Ses travaux de recherche ont porté sur la découverte du bouddhisme par les philosophes européens, sujet de sa thèse, puis sur les représentations des barbares de l’Antiquité gréco-latine à nos jours, thème de son habilitation. Ces enquêtes savantes, dans le sillage de Michel Foucault, avec qui Roger-Pol Droit a eu jadis de longs entretiens, ne forment à leur tour qu’une partie d’un ensemble bien plus vaste, constitué de plus d’une cinquantaine de volumes, traduits en une trentaine de langues.

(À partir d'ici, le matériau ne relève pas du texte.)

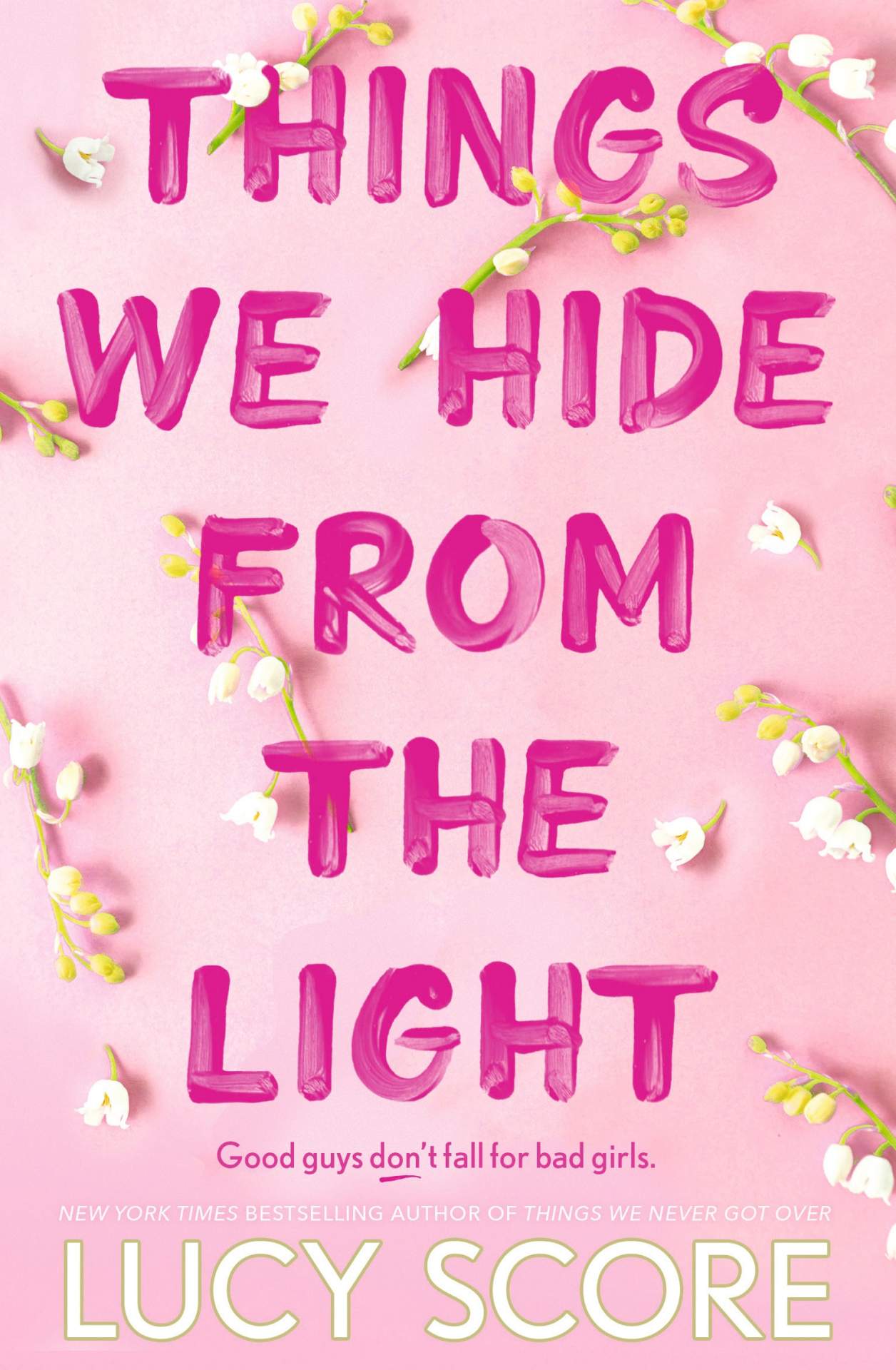 Things We Hide From the Light / Lucy Score / Buy Now Online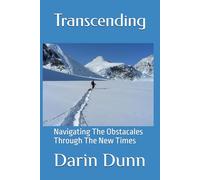 Transcending: Navigating The Obstacles Through The New Times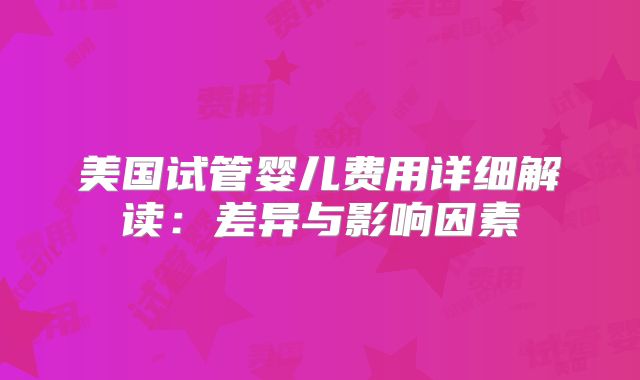 美国试管婴儿费用详细解读：差异与影响因素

Dans cette bibliothèque, plusieurs genres se côtoient et se répondent. A côté des ouvrages de recherche, comme Le Culte du néant. Les philosophes et le Bouddha (Seuil, 1997 ; Points, 2004) ou Généalogie des barbares (Odile Jacob, 2007), se trouvent des livres de pédagogie de différents niveaux, du plus simple, La Philosophie expliquée à ma fille (Seuil, 2004), au plus élaboré, La Compagnie des philosophes (Odile Jacob, 1998 ; Poches Odile Jacob, 2002), en passant par Une brève histoire de la philosophie (Flammarion, 2008 ; Champs 2010 ; Grand Prix du livre des professeurs et maîtres de conférences de Sciences Po).

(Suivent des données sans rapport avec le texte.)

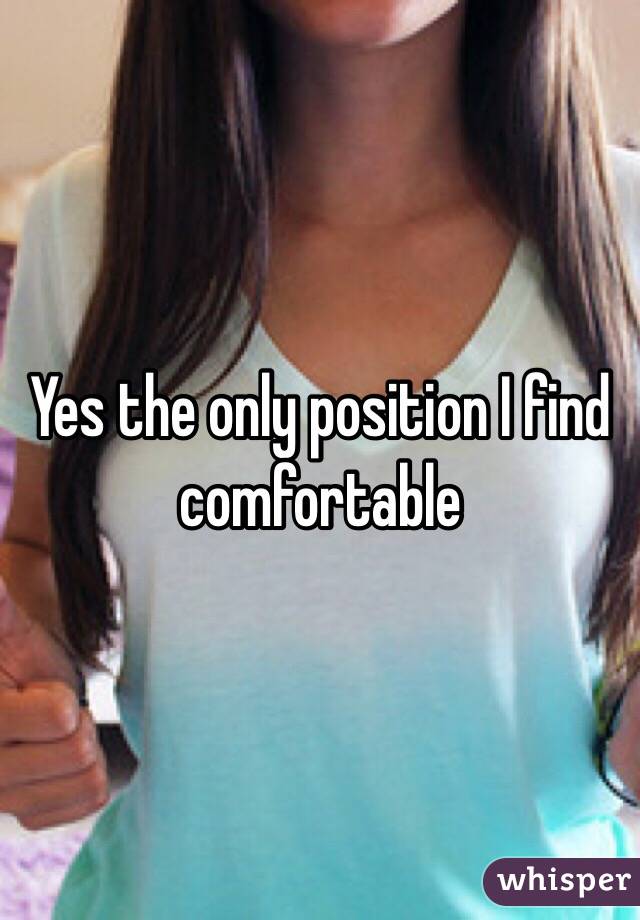 Yes the only position I find comfortable 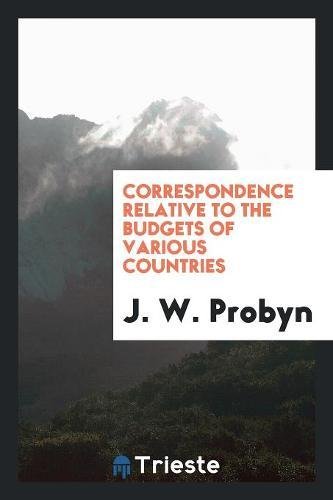 Correspondence Relative to the Budgets of Various Countries Books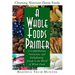 A Whole Foods Primer: A Comprehensive, Instructive, and Enlightening Guide to the World of Whole Foods
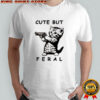 Bang bang meow meow cute but feral funny shirt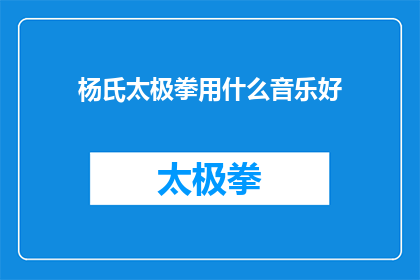杨氏太极拳用什么音乐好(杨氏太极拳应选择何种音乐以提升练习效果？)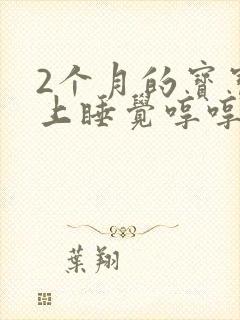 2个月的宝宝晚上睡觉哼哼唧唧是为什么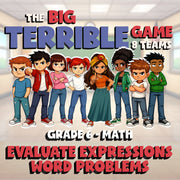 Evaluate Expressions Word Problems BIG TERRIBLE GAME - Grade 6 Math Review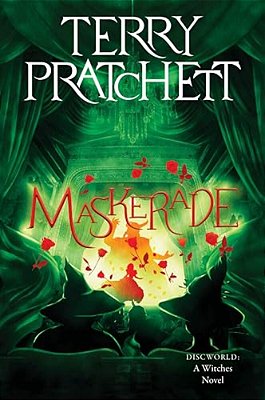 Maskerade: A Discworld Novel-..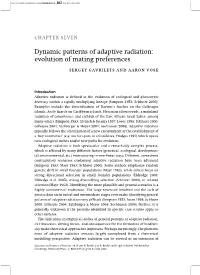 Dynamic Patterns of Adaptive Radiation: Evolution of Mating Preferences Sergey Gavrilets and Aaron Vose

Rendre les idées charnelles
Soucieux de relier constamment histoire de la pensée et temps présent, Roger-Pol Droit a consacré, en compagnie de Monique Atlan, une vaste enquête à l’impact des mutations techniques sur nos conceptions de l’humain (Humain, Flammarion, 2012 ; Champs, 2014). Et, pour les rendre contemporains, il n’a pas hésité à faire surgir en plein XXIe siècle Socrate et son plus fameux disciple (Et si Platon revenait…, Albin Michel, 2018 ; Espaces libres, 2020), dans un chassé-croisé doublement révélateur entre Antiquité et modernité.

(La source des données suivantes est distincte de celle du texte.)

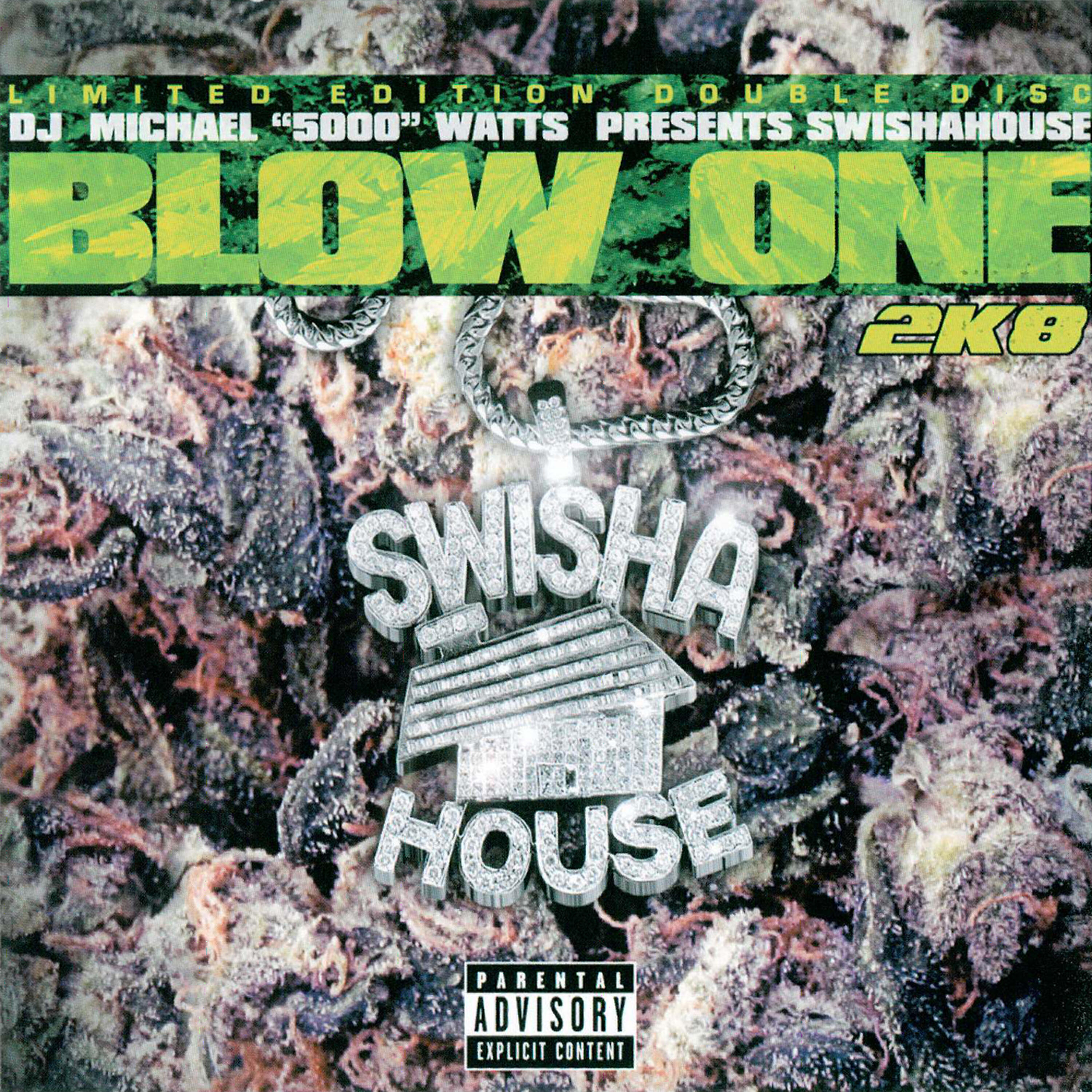SWISHAHOUSE - Bust It Open C&S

Le pédagogue, chez lui, se transforme souvent en écrivain attentif à rendre les idées charnelles et à faire renaître le sens de l’étonnement par les moyens d’une pensée ludique, et de dispositifs volontairement déconcertants. Ainsi a-t-il tracé un chemin très personnel entre philosophie et poésie dans des livres comme 101 expériences de philosophie quotidienne (Odile Jacob, 2001 ; Poches Odile Jacob, 2003 ; Prix de l’essai France Télévisions, traduit en 24 langues) ou Dernières nouvelles des choses (Odile Jacob, 2003 ; Poches Odile Jacob, 2005) qu’il a adapté et joué, seul, au Théâtre du Rond-Point en 2014. Lire aussi Eternelle et actuelle, le paradoxe de la philosophie
Difficile, au bout du compte, de savoir quel est le bon profil de ce neveu de Diderot. Car on l’a vu aussi, un jour ou l’autre, patron d’une PME, conseiller du directeur de l’Unesco, membre du Comité consultatif national d’éthique, cofondateur du Forum Le Monde-Le Mans, mais aussi éditeur, consultant, chroniqueur à la radio, conférencier… et récemment romancier, avec Monsieur, je ne vous aime point, qui met en scène l’amitié impossible entre Voltaire et Rousseau (Albin Michel, 2019).
La réponse est peut-être dans ces pages où, en plusieurs occasions, il préconise une philosophie « impure », mêlée à d’autres genres, contre une discipline qui se sépare et se spécialise, au risque de se ghettoïser. Comme les auteurs des Lumières, dont le rapproche aussi son style alerte et élégant, Roger-Pol Droit ne cesse de passer d’un registre à un autre. Avec un bonheur communicatif.